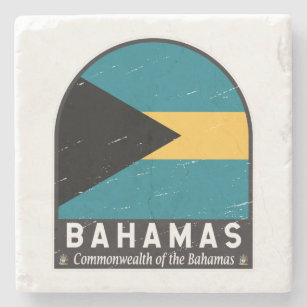 Das Emblem der Bahamas-Fahne erschütterte Vintag Steinuntersetzer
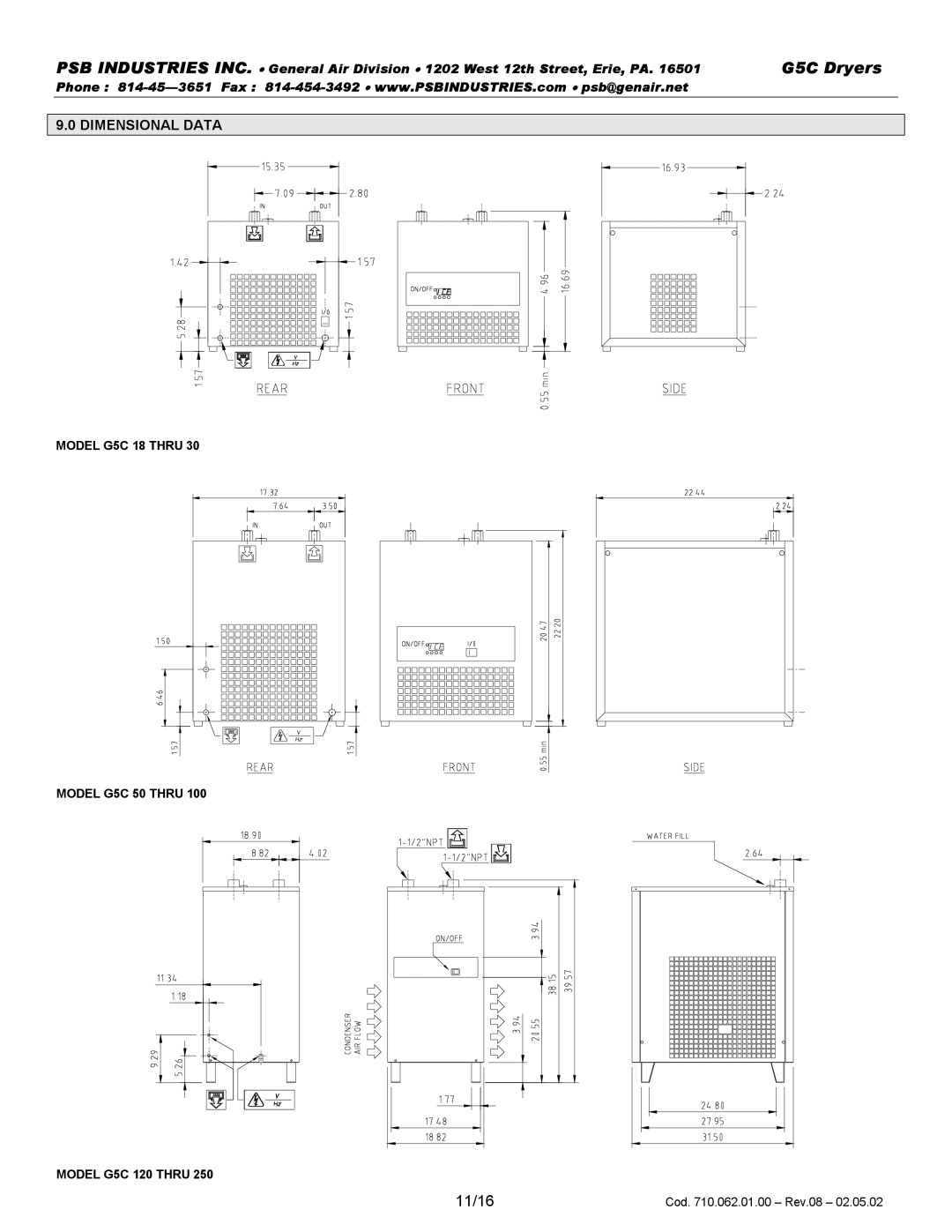 PSB Speakers G5C 0018, G5C 0250 warranty 11/16, Dimensional Data 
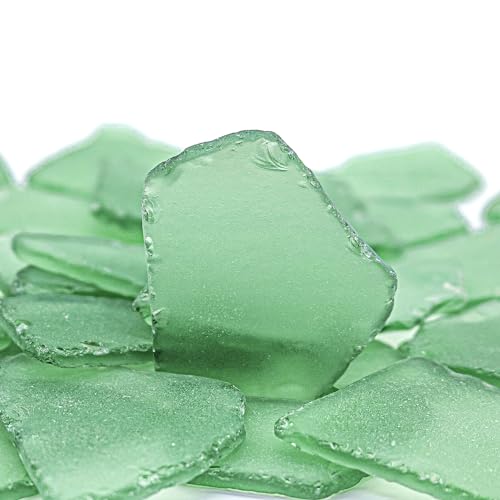 Tumbled Sea Glass 31oz - Frosted Crafting Gems for Christmas Tree Decor, Wreath DIY & Vase Filler | Beach Glass Pieces for Holiday Crafts and Home Décor(Light Green)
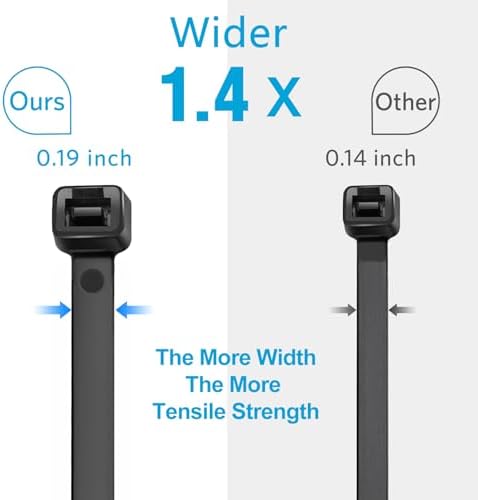 Zip Ties Heavy Duty 12 inch (1000 Pack), Double-sided Toothed, 85 lb, Delivering 1.7X Tensile Strength in the Same Specs, Black Cable Ties, Glufirm - Image 4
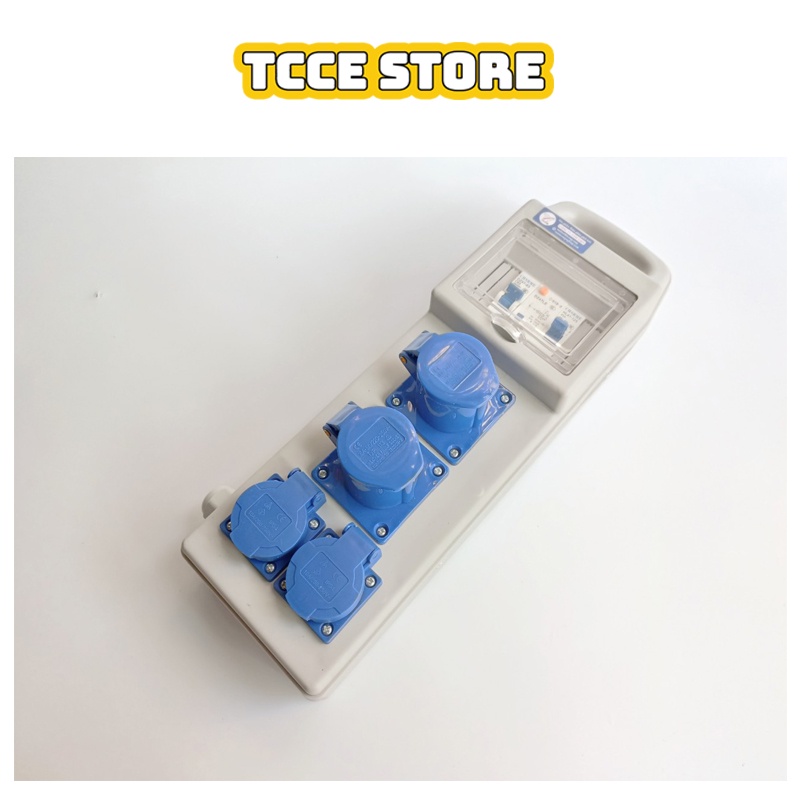 Hộp nguồn công nghiệp thi công chống nước 1 pha thiết kế 2 ổ cắm đa năng, 2 ổ cắm công nghiệp 1 pha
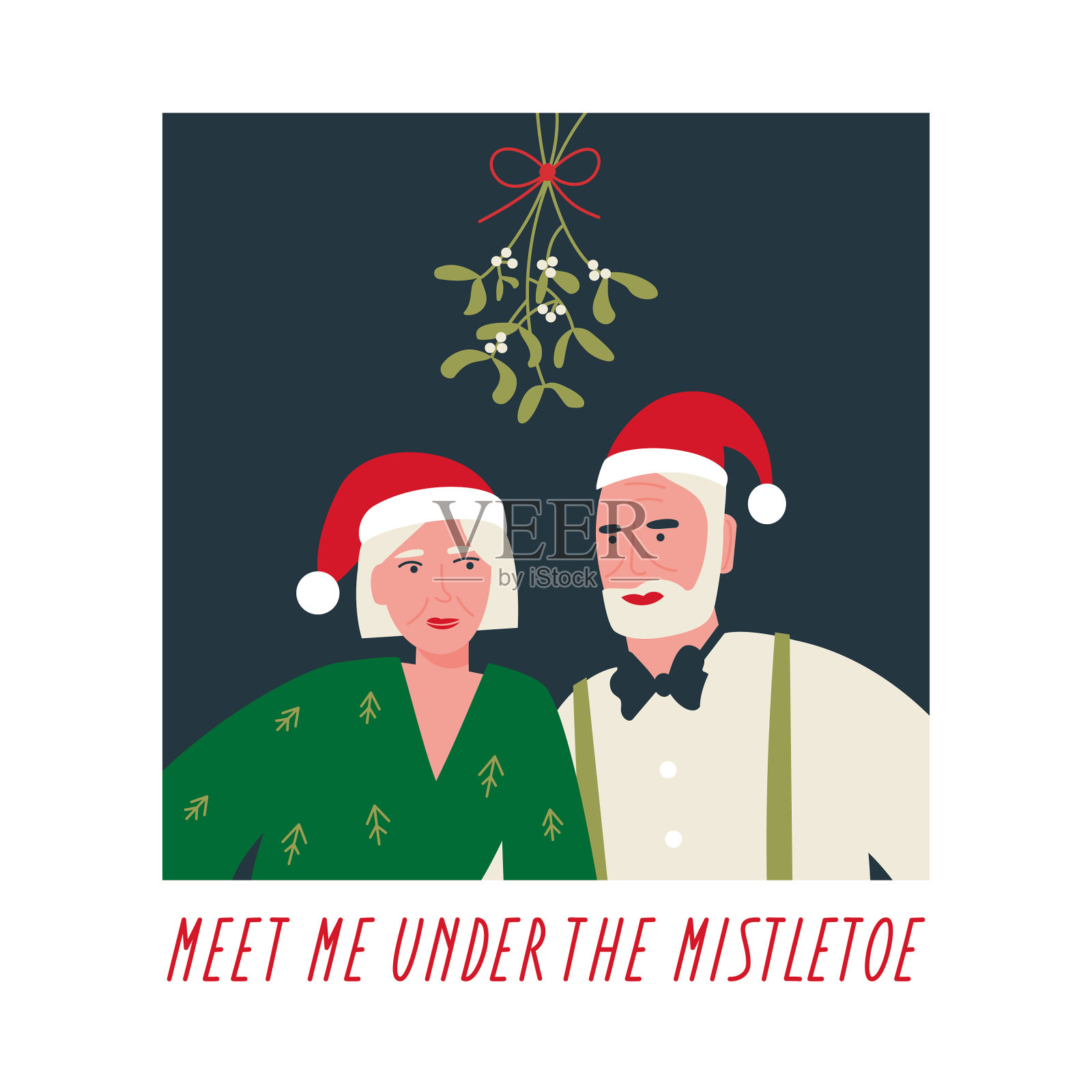 一对老夫妇站在槲寄生下插画图片素材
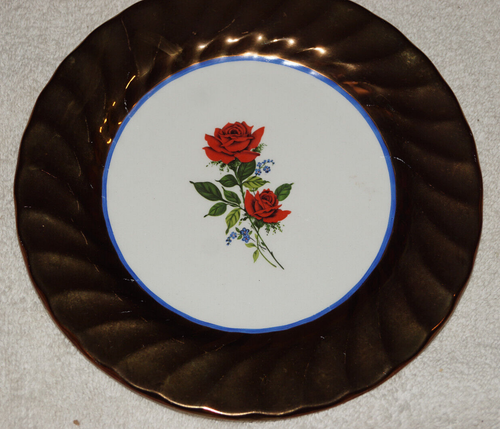 Lot of 3 gold lustre plates 8 inch diameter Creigiau Pottery Wales floral - Picture 4 of 4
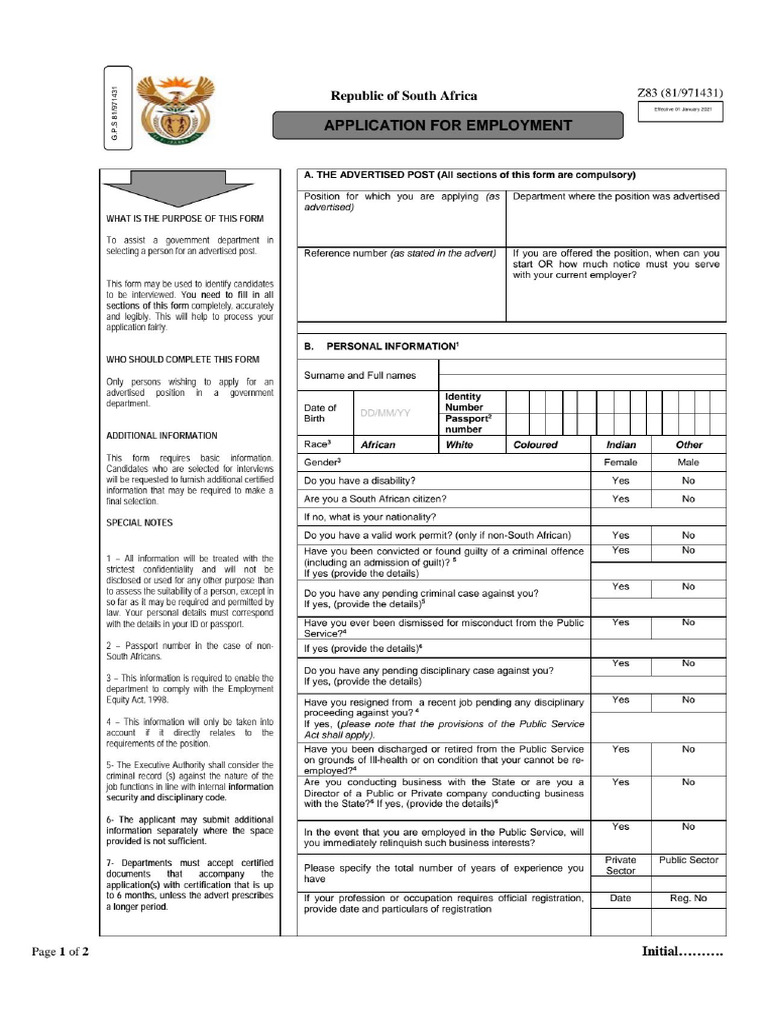 Editable Approved New Z83 Form Gazetted 6 Nov 2020 (2) (2) (Original) | PDF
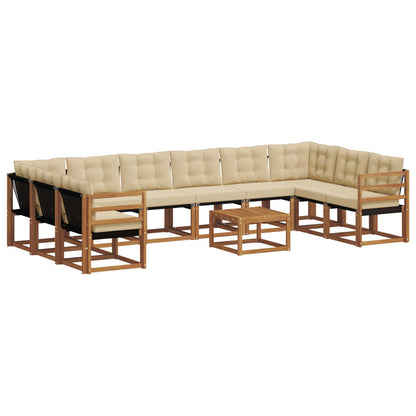 Set di divani da esterno con cuscino 11 pcs Naturale e Beige | homemem39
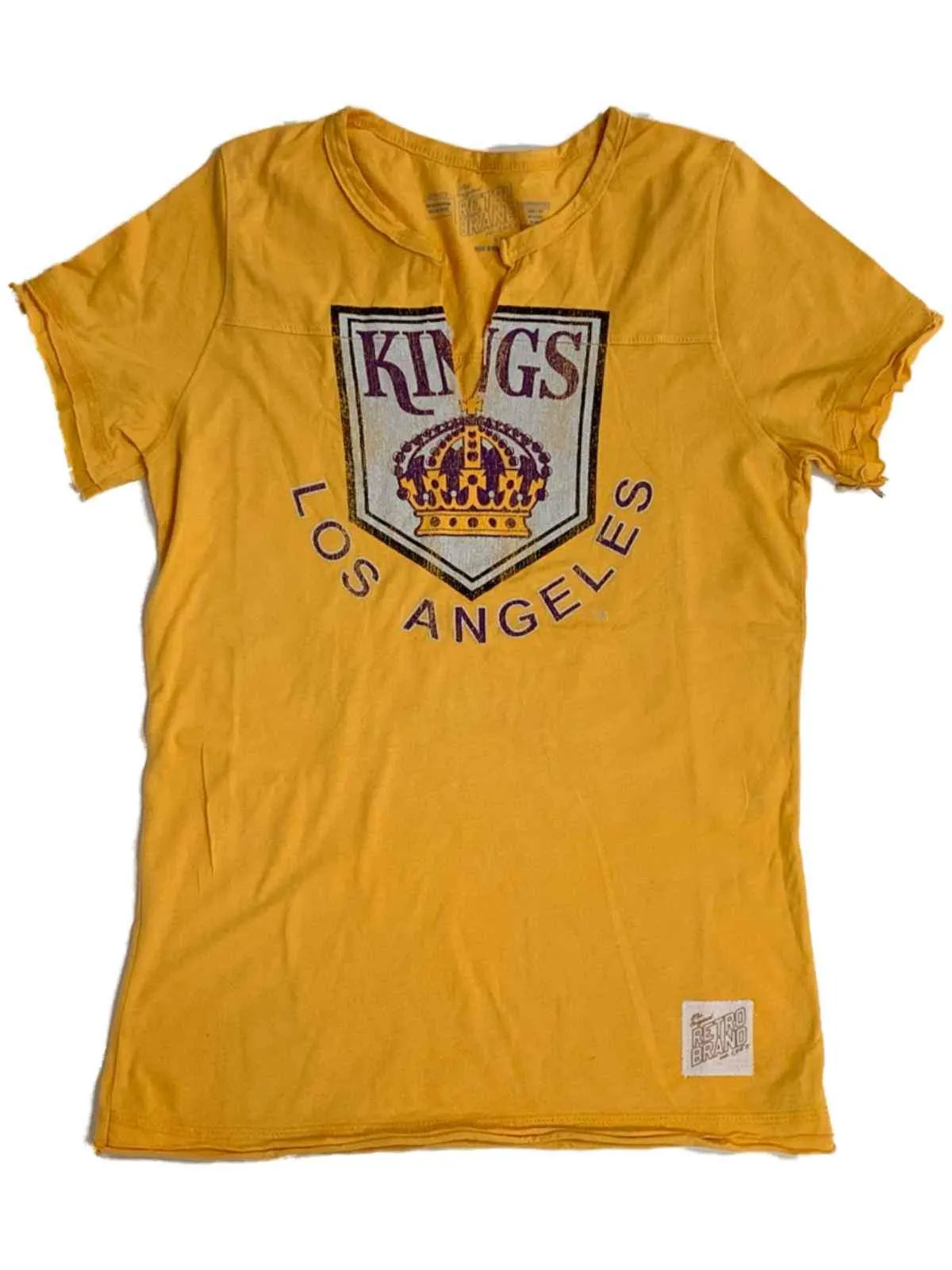 Los Angeles Kings Retro Brand WOMEN Gold Soft Cotton Cut V-Neck T-Shirt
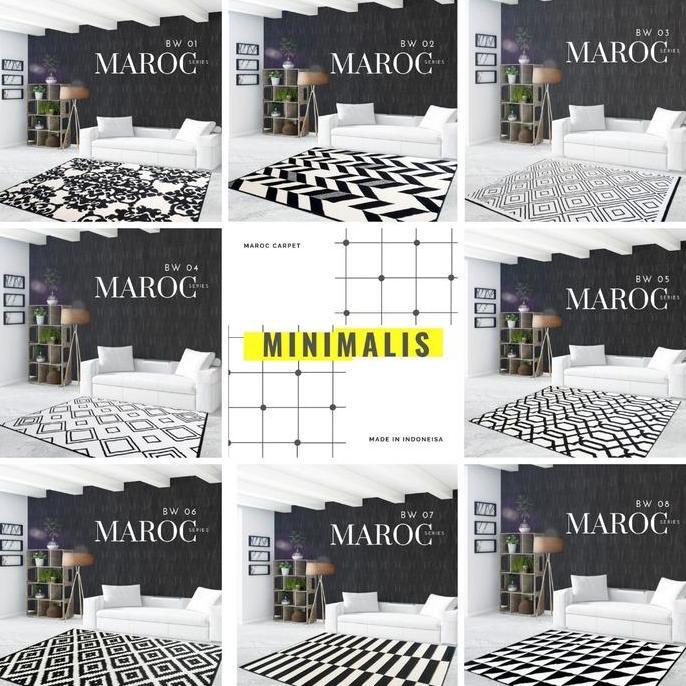 Karpet Lantai 160x210 Maroc Monokrom, Karpet Permadani Bulu Tebal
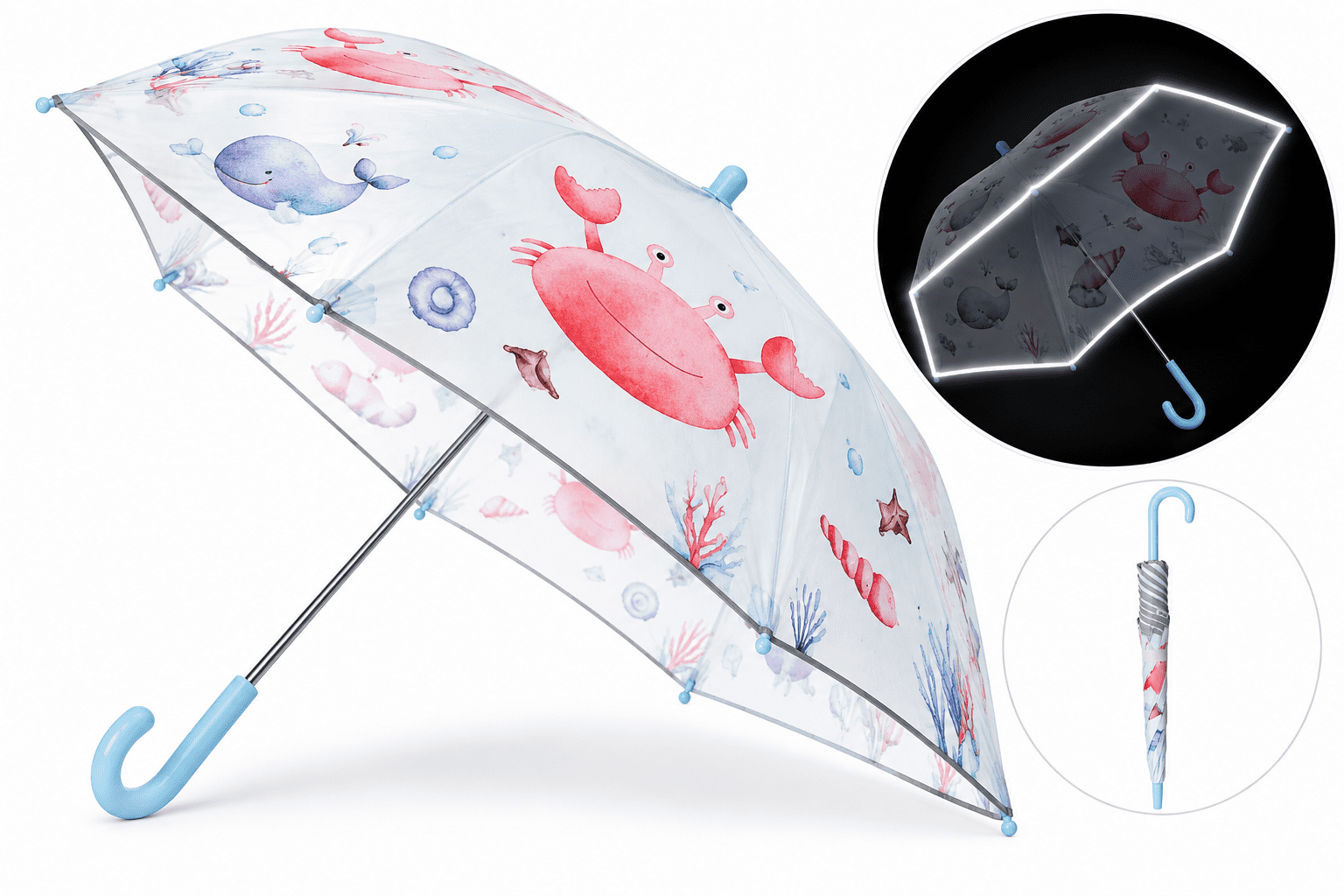 Kinder Regenschirm reflektierend Sicherheitsschirm maritim Fische Krabbe Leuchtturm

*What you should do*. From the first line to the last, copy the records above exactly and leave out the pictures.

*Exercise result*.
 Das Emblem der Bahamas-Fahne erschütterte Vintag Steinuntersetzer
 PSB Speakers G5C 0018, G5C 0250 warranty 11/16, Dimensional Data 
 Tumbled Sea Glass 31oz - Frosted Crafting Gems for Christmas Tree Decor, Wreath DIY & Vase Filler | Beach Glass Pieces for Holiday Crafts and Home Décor(Light Green)
 Zip Ties Heavy Duty 12 inch (1000 Pack), Double-sided Toothed, 85 lb, Delivering 1.7X Tensile Strength in the Same Specs, Black Cable Ties, Glufirm - Image 4
 Hộp nguồn công nghiệp thi công chống nước 1 pha thiết kế 2 ổ cắm đa năng, 2 ổ cắm công nghiệp 1 pha
 一对老夫妇站在槲寄生下插画图片素材
 Lot of 3 gold lustre plates 8 inch diameter Creigiau Pottery Wales floral - Picture 4 of 4
 Editable Approved New Z83 Form Gazetted 6 Nov 2020 (2) (2) (Original) | PDF
 Set di divani da esterno con cuscino 11 pcs Naturale e Beige | homemem39
 Los Angeles Kings Retro Brand WOMEN Gold Soft Cotton Cut V-Neck T-Shirt
 Karpet Lantai 160x210 Maroc Monokrom, Karpet Permadani Bulu Tebal
 Kinder Regenschirm reflektierend Sicherheitsschirm maritim Fische Krabbe Leuchtturm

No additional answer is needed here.